Used platform: Linux + RaspberryPi but this question is valid in general.


Solution

  • As I showed here

    import time
    def drummer():
        counter = 0
        # time.sleep(time.time() * 8 % 1 / 8) # enable to sync clock for demo
        while counter < 60 * 8:
            counter += 1
            print time.time()
            time.sleep(.125 - time.time() * 8 % 1 / 8)
    

    This timer adjusts every beat and realigns.

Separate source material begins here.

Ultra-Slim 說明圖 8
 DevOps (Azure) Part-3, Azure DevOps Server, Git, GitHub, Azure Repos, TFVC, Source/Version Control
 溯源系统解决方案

    And the adjustment takes almost no time:

    timeit.timeit("time.time() * 8 % 1 / 8", number=1000000)
    0.2493131160736084
    

    which means every time it does that it takes about 0.25 microseconds

    and for accuracy:

    1488490895.000160
    1488490895.125177
    1488490895.250167
    1488490895.375151
    1488490895.500166
    1488490895.625179
    1488490895.750178
    1488490895.875153
    

    ~28 microseconds of drift between notes. Running it locally for a longer time yields ~130μs of total drift (+- 65μs), but, as it syncs to the clock every beat, it won't deviate over time.